Wayne began to tear up, thinking of Abraham Lincoln being dead, as if he’d just gotten the news.
“One of the soldiers guarding the casket was smoking a cigar and he threw it to the ground and my great-grandfather picked it up. It got passed down to me. Want to see it?”
Before Sam could object, Wayne was rifling through a cabinet, retrieving a brown object which he showed to Sam.

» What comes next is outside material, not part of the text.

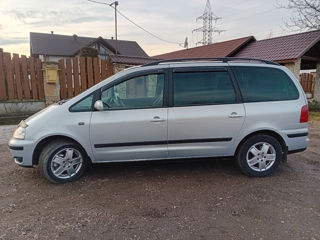 Volkswagen Sharan foto 2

“Grandpa dipped it in varnish, so it’s held up pretty well.” Wayne studied it. “Just think, this very cigar was touched by someone who touched Abraham Lincoln. Pretty amazing when you think about it. I bet I could get some real money for it. Truth is, I’m counting on it funding my retirement. Don’t have any kids I can pass it down to. I thought I might take it to that fella on that pawnshop show on TV and have him tell me what it’s worth. I bet they’ve never seen anything like this.”
“That would be a safe bet,” Sam agreed. “They probably don’t see a lot of used cigars.”
After a lengthy discussion of Abraham Lincoln, Sam took his leave.
He’d only visited three members that week, but was already exhausted; still, he determined to press on. He was certain the meeting’s refusal to acknowledge its dark secret was the reason for its dwindling num
bers. When he got home, he Googled the meeting to see if perhaps someone had been murdered in the meetinghouse. He found the meeting’s website. It hadn’t been updated since the late nineties. The pastor before last was still listed as the minister. Sam had a faint recollection of him. A large, doughy man named Fred who had a colon condition. He had given a lengthy talk about it one year at the annual pastors’ retreat. Maybe Fred had exploded in the pulpit one Sunday. That would certainly explain the exodus.
That afternoon he wrote his sermon, his first at Hope, encouraging the congregation to bear one another’s burdens and so fulfill the law of Christ. Galatians 6:2.
“Let there be no secrets among us,” he wrote. “Let us share with one another those things that cause us pain, those matters we’d like to forget that still hurt us.” Then he would ask the congregation to enter into silence, giving them the opportunity to stand, as the Spirit led them, to share their burdens.
Sam loved Galatians 6:2.
He read the sermon to Barbara that evening, just before bedtime.
“Nice try,” she said. “But wouldn’t it just be easier to ask Ruby what happened?”
“Ministry is about subtlety,” he told her.
“I thought it was about honesty.”
“Well, that, too, but only as a last resort.”
With that settled, they went to sleep.
38
They had their first visitors on Sunday—Janet Woodrum from the Harmony Public Library, with her mother and father in tow.
“Surprise, surprise,” Janet said when she saw Barbara. “I came home for the weekend and thought it would be fun to see you.”
Barbara hugged her. “I’m so glad you did. I’ve missed you. How have you been?”
While Barbara and Janet visited, Sam welcomed Janet’s parents. Two possible new attendees in a congregation of twelve. Sam did the math. Sixteen percent growth on his first Sunday. Not bad.
Having served as a local doctor, her father knew several of the members, and those he didn’t, his wife, the local elementary school principal, did.
“This is a pleasant surprise,” Janet’s mother said. “I didn’t think we’d know so many people here.”